Kreative Prozesse: Untersuchung zur Rolle des Computers

11. Juli 2019
Automatisierte Kreativität. Bild: Jánso Krüger/TU Braunschweig
Braunschweig. Künstliche Intelligenz und Algorithmen werden immer deutlicher Teil des Alltags. Ein Projekt der Technischen Universität Braunschweig untersucht Formen und Auswirkungen von algorithmischer Kreativität aus kultur- und geisteswissenschaftlicher Perspektive. Eckart Voigts, Jan Röhnert und Dietmar Elflein von der Fakultät für Geistes- und Erziehungswissenschaften erhalten dafür eine Förderung durch das Niedersächsische Ministerium für Wissenschaft und Kultur (MWK). Das berichtet die TU Braunschweig in einer Pressemitteilung.

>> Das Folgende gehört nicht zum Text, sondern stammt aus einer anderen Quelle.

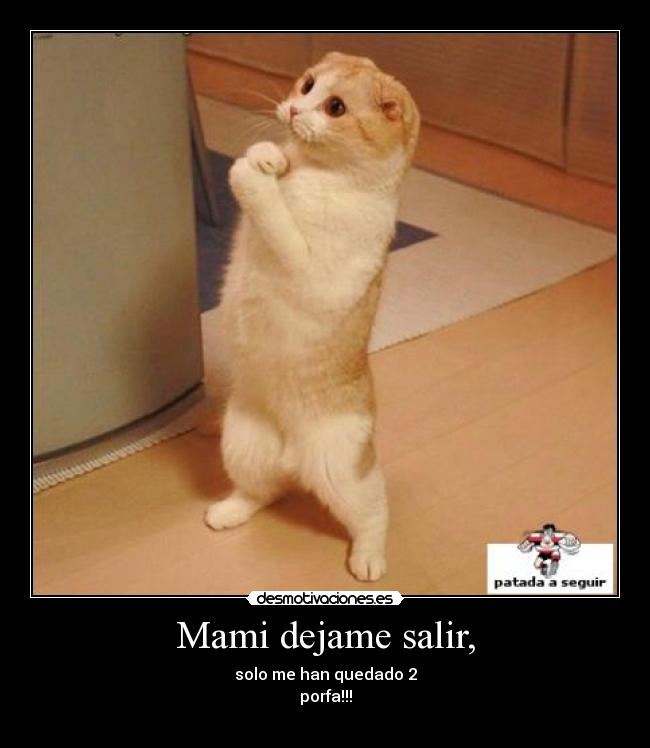 Mami dejame salir, -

Bereits lange vor der Selbstverständlichkeit der Digitalisierung experimentierten Musikerinnen und Musiker, Schriftstellerinnen und Schriftsteller mit automatisierter Kreativität. Das vom MWK mit maximal 500.000 Euro geförderte Forschungsprojekt von Professor Eckart Voigts vom Institut für Anglistik und Amerikanistik, Professor Jan Röhnert vom Institut für Germanistik und apl. Professor Dietmar Elflein vom Institut für Musik und ihrer Vermittlung analysiert Automatisierung in Musik und Literatur. Die Forscher beschreiben, wie dadurch etablierte Praxen, Ethiken und Konzeptionen ergänzt, überlagert und transformiert werden.

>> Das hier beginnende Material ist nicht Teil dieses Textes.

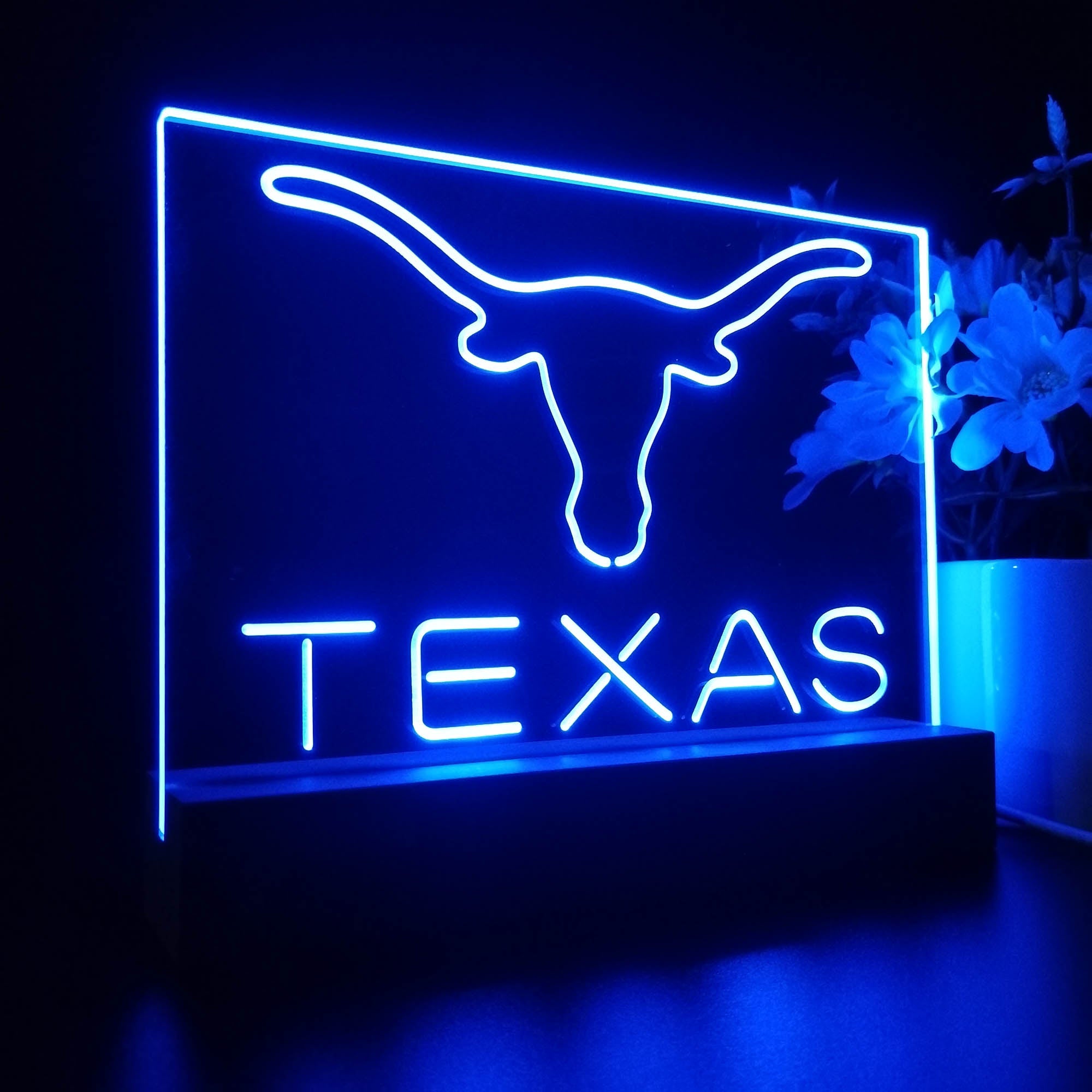 Texas Longhorns 3D LED Illusion Sport Team Night Light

Geschichte der lernenden Programme

„Wir wollen schauen, was sich hinter dem Schlagwort der ‚Künstlichen Intelligenz‘ verbirgt, nämlich eigentlich aufgrund von Erfahrungswissen „lernende“ Computerprogramme. Wir fragen, welche sozialen, kulturellen und ästhetischen Veränderungen der Einsatz solcher neuronalen Netze und ihrer Vorläufer in Bereichen kreativen Arbeitens wie Musik und Literatur historisch bewirkt haben, was sie jetzt gerade verändern, und auch, wie wir uns die Zukunft maschineller Kreativität vorstellen könnten“, sagt Professor Voigts.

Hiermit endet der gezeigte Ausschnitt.